By Dorothy Wickenden. Scribner, 2021. 400 pages. $30/hardcover; $14.99/eBook.
Context is vital to understanding stories of our past that inform our present. The Agitators presents elements of nineteenth-century history likely familiar to many Friends Journal readers: the quest for women’s rights, abolitionism, the Underground Railroad, horrors of war, and troublesome political choices. The lens through which this story is told is what makes this particular presentation compelling. It portrays overlapping networks of community and family, centered on the lives of three crucial figures: Martha Coffin Wright, Frances Seward, and Harriet Tubman.
Today, Tubman is the most known of these three women. Wright’s sister, Lucretia Coffin Mott, is the better-known reformer, and Frances Seward is most easily identified through her husband, then New York governor and U.S. Secretary of State William H. Seward. All three women called Auburn, N.Y., home and supported one another over decades. Their overlapping worlds and influences weave through the narrative, along with insights relating to other well-known figures such as Frederick Douglass, John Brown, William Lloyd Garrison, Elizabeth Cady Stanton, Susan B. Anthony, Abraham Lincoln, and many more.
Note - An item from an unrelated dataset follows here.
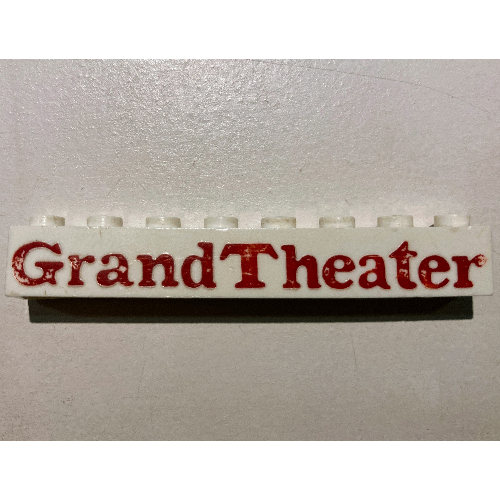 Brick 1 × 8 without Bottom Tubes with Cross Side Supports with 'Grand Theater' Bold Red Print Weiß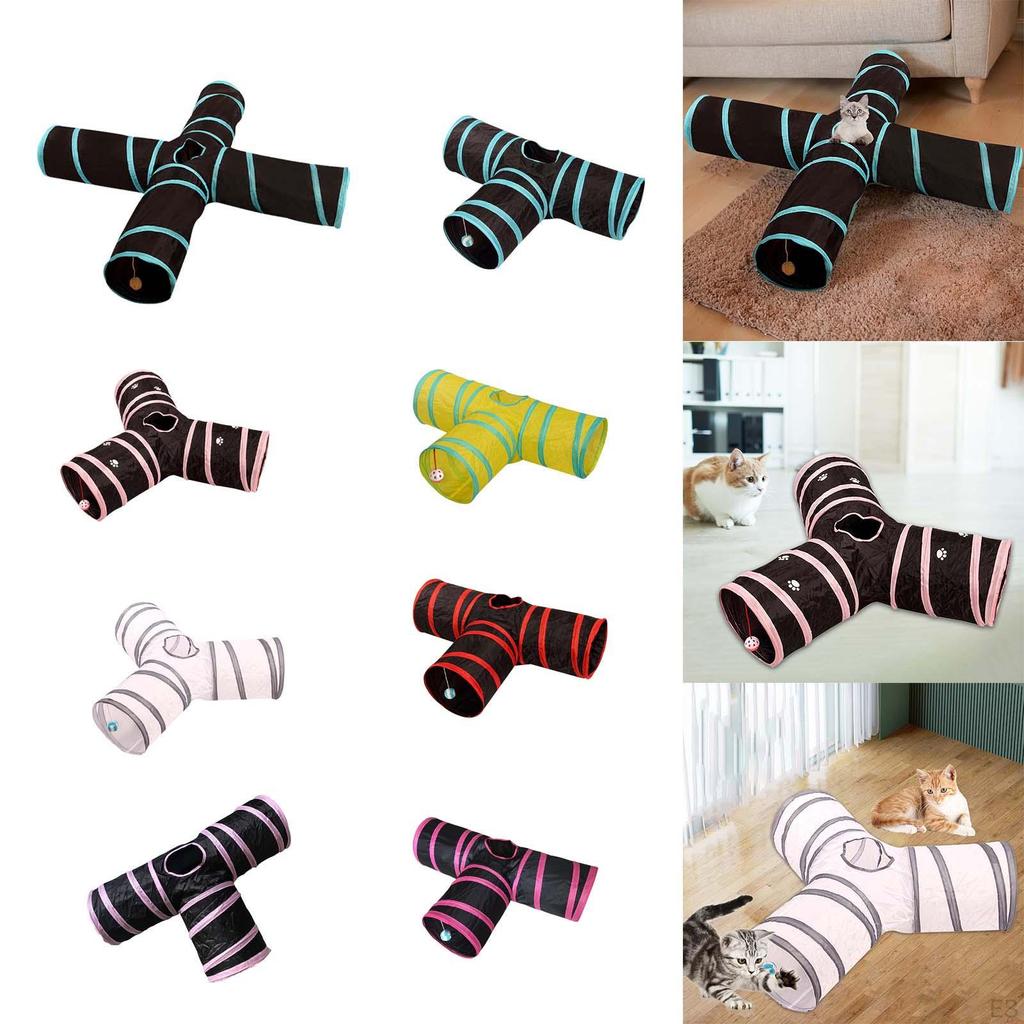 Cat Tunnel Foldable Passage Playing Hut with Play Ball Scratch Resistant Tube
Of course, Martha’s notable Quaker sister, Lucretia, slips in throughout. The anecdotes and deeply researched details humanize both the protagonists and those they encounter on the world stage.
By centering these three activists, Wickenden provides compelling observations. She highlights the influences of background, identity, relationships, and personality on the choices and actions people are led to take at crucial points in their lives. While each of the three women could fill a full-length biography with just her own life, the decision to bring them together demonstrates the importance of community and relationships beyond the single story. Each had a role to play.
Wright was publicly known at the time as an agitator for abolition and women’s suffrage. Seward’s influence was more behind the scenes in her lifetime but brought to light by surviving correspondence connecting the Auburn story to national political intrigues. Harriet Tubman’s multiple roles through her long life are especially compelling, as she spends much of the story traveling in service to her life’s work to end enslavement while also supporting her family. Including Tubman’s voice and experiences provides an essential counter narrative to traditional presentations of nineteenth-century womanhood and women’s activism. Pairing her life story with those of other women leaders of the era connects the dots for a more complete history.
The Agitators is a book that takes the reader through decades of reform and crises with timeless themes of love for family, frustrations with power and disunity, and commitments to justice.
Gwen Gosney Erickson is a member of Friendship Meeting in Greensboro, N.C., and Quaker archivist at Guilford College.